The Happy Farmer had hoped to join the motley crew on their trip to the Mid Argyll Show. This was all in the name of farming you understand. However, with a busy day ahead, guests checking in and out on the farm, pottery to be glazed and fired, kilns to be loaded and emptied, sailing away on the ferry became a distant pipe dream. Laundry chores, new calves, and kilns were calling.

At the end of a very busy Saturday and an even busier week, it was with a huge ‘reluctant’, positively beaming smile that the Happy Farmer found himself being bundled into his friend’s car and kidnapped away. He even managed to slip under the radar of the farmer’s wife, who had she been alerted to his predicament, would have called an immediate halt to proceedings and rescued him.  He was incredibly grateful when a few hours into the celebrations the ferryman’s wife called by to give him a lift home, especially when he heard the partying continued well into the ‘wee small hours’ of Sunday morning for some.

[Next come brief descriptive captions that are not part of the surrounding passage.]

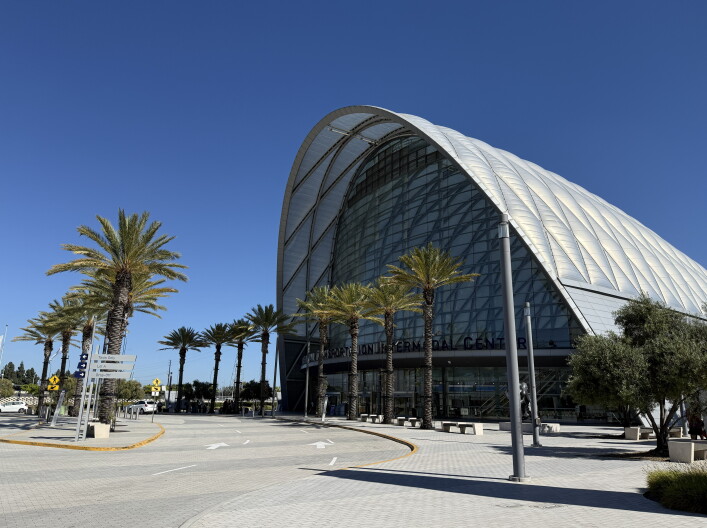 Exterior of the domed ARTIC train station, with palm trees outside under a bright blue sky.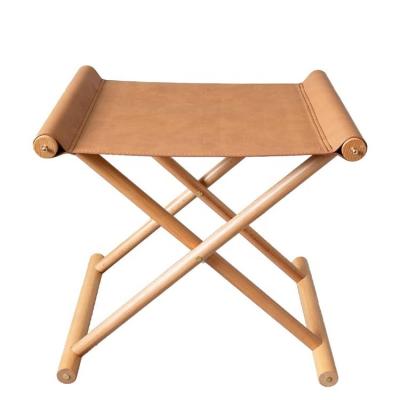 China Adjustable (other) Wholesale Soft Leather Solid Beech Wood Multipurpose Foldable Portable Freestanding Foot Stool for sale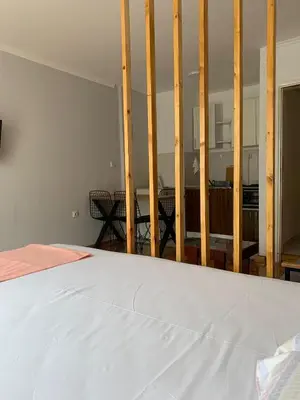 a bedroom with a bed and a balcony at Comfy Studio - 1 minute walk to Delta Planet in Niš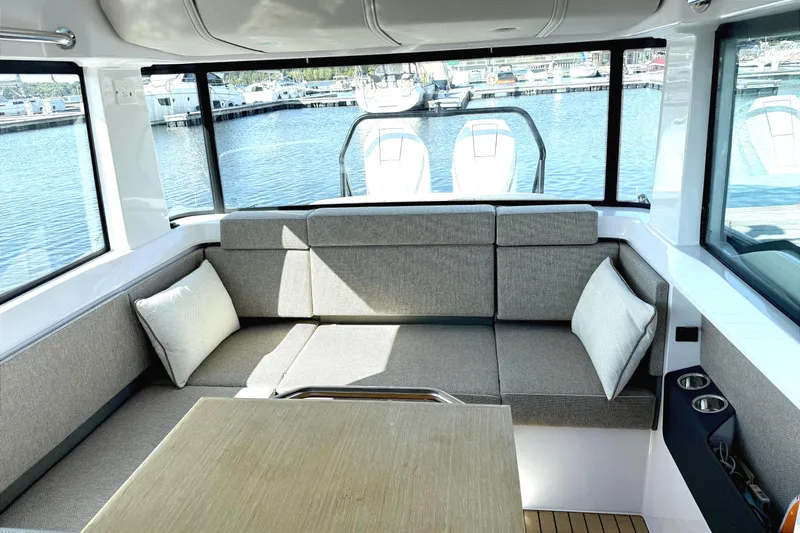  Yacht Photos Pics Interior of 2025 Axopar 37 XC CROSS CABIN with comfortable seating and marina view.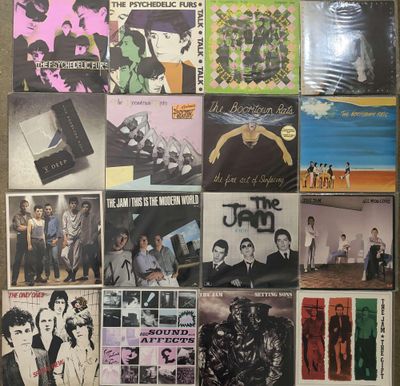 the beatles album covers are displayed on a wall in a room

The Islay and Jura Agricultural Show takes place on the second Thursday in August each year. It is now in its 172nd year. What an amazing job the current show committee did this year. They appeared to have pulled out all the stops as the field looked amazing and the show ran as smoothly as ever. There was a huge turnout of people as farmers showed their very best livestock. Horses were groomed, having been put through their paces weeks in advance in preparation. Tack polished, riders turned out in their finery, to jump and trot around the show rings. There was baking, crafts, flowers, vegetables and plants. Stalls representing local charities, dog demonstrations, a dog show, agricultural machinery and suppliers’ tents, a parade of vintage tractors and vehicles, bouncy castles, trampolines and even politicians.

We won a beautiful crystal decanter at the show which now takes pride of place on the old dresser, for the best wool. We won it in 1907. Looking at old photos of the sheep on the farm back then they certainly had impressive fleeces. These days the Happy Farmer likes to go to the show as a spectator, but youngest won a first with her wild flowers. Hansel horse has competed on numerous occasions over the years bringing home cups and trophies, but eldest couldn’t make the show this year.

Celebrations continued off the show field and after a huge dinner at the farm we were treated to singing and dancing. I was more than impressed then to see the Highland Fling being performed so well, to Robbie Williams. There really is no end to the talents of these very happy farmers.